## WHAT THE TASK REQUIRES
Word for word, restate the data that follows, omitting the images.

## RECORDED DATA
-- Opening Marker --

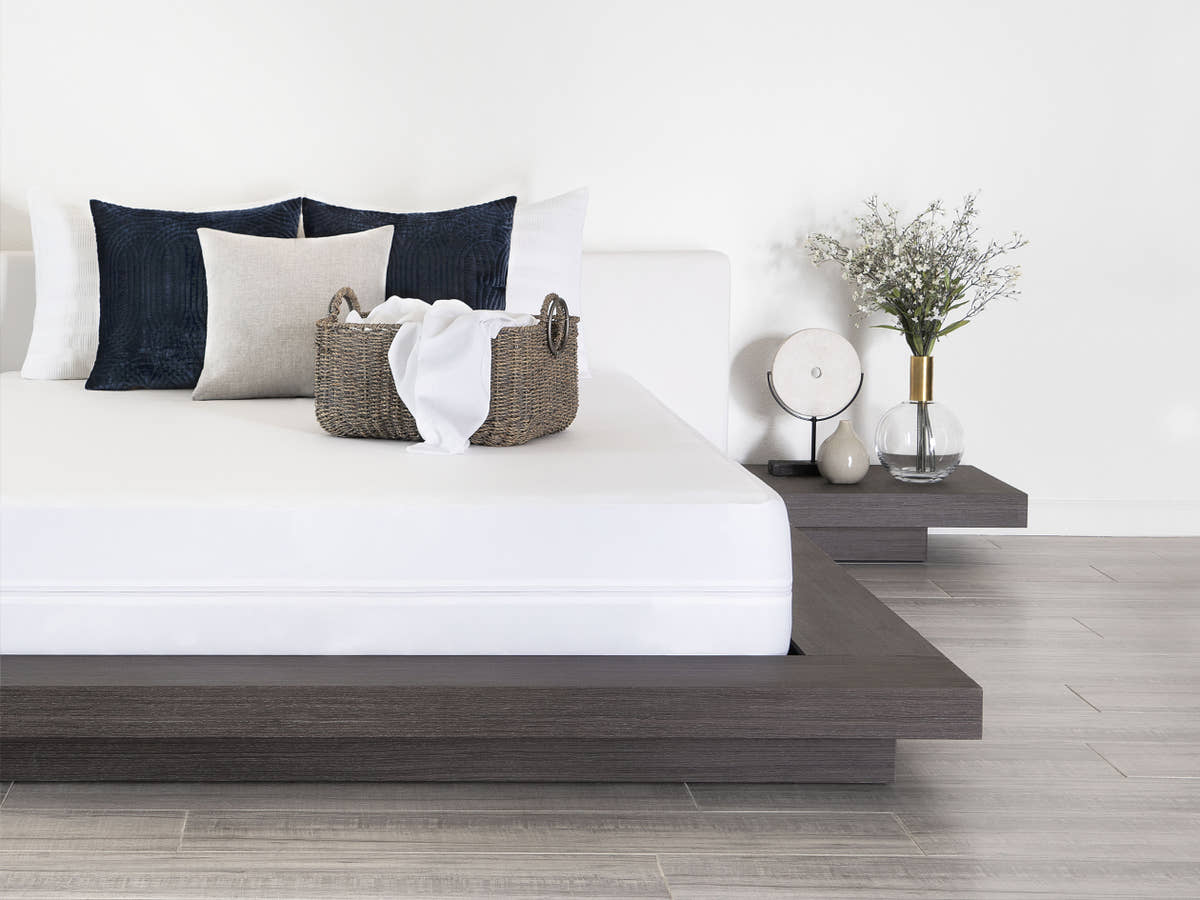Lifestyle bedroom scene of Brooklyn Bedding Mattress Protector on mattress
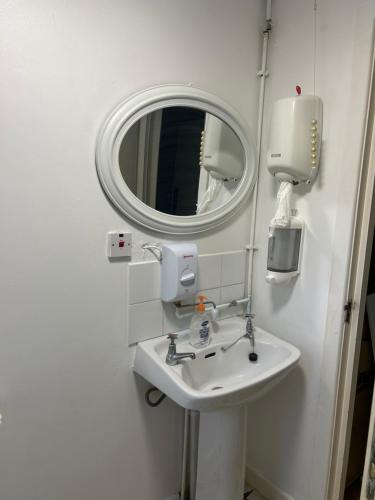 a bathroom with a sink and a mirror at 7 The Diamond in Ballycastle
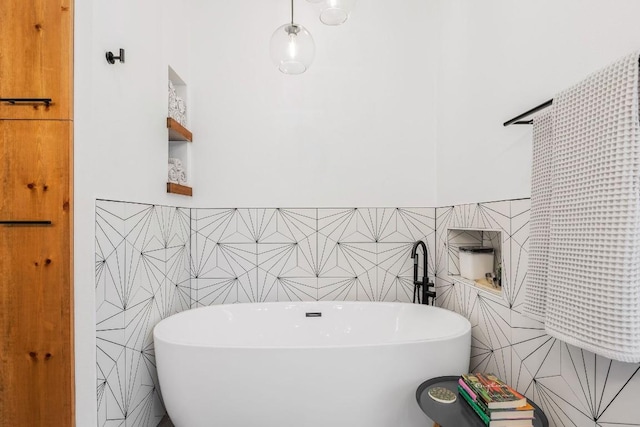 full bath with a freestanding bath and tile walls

-- Closing Marker --

## EXPECTED ANSWER
Lifestyle bedroom scene of Brooklyn Bedding Mattress Protector on mattress
 a bathroom with a sink and a mirror at 7 The Diamond in Ballycastle
 full bath with a freestanding bath and tile walls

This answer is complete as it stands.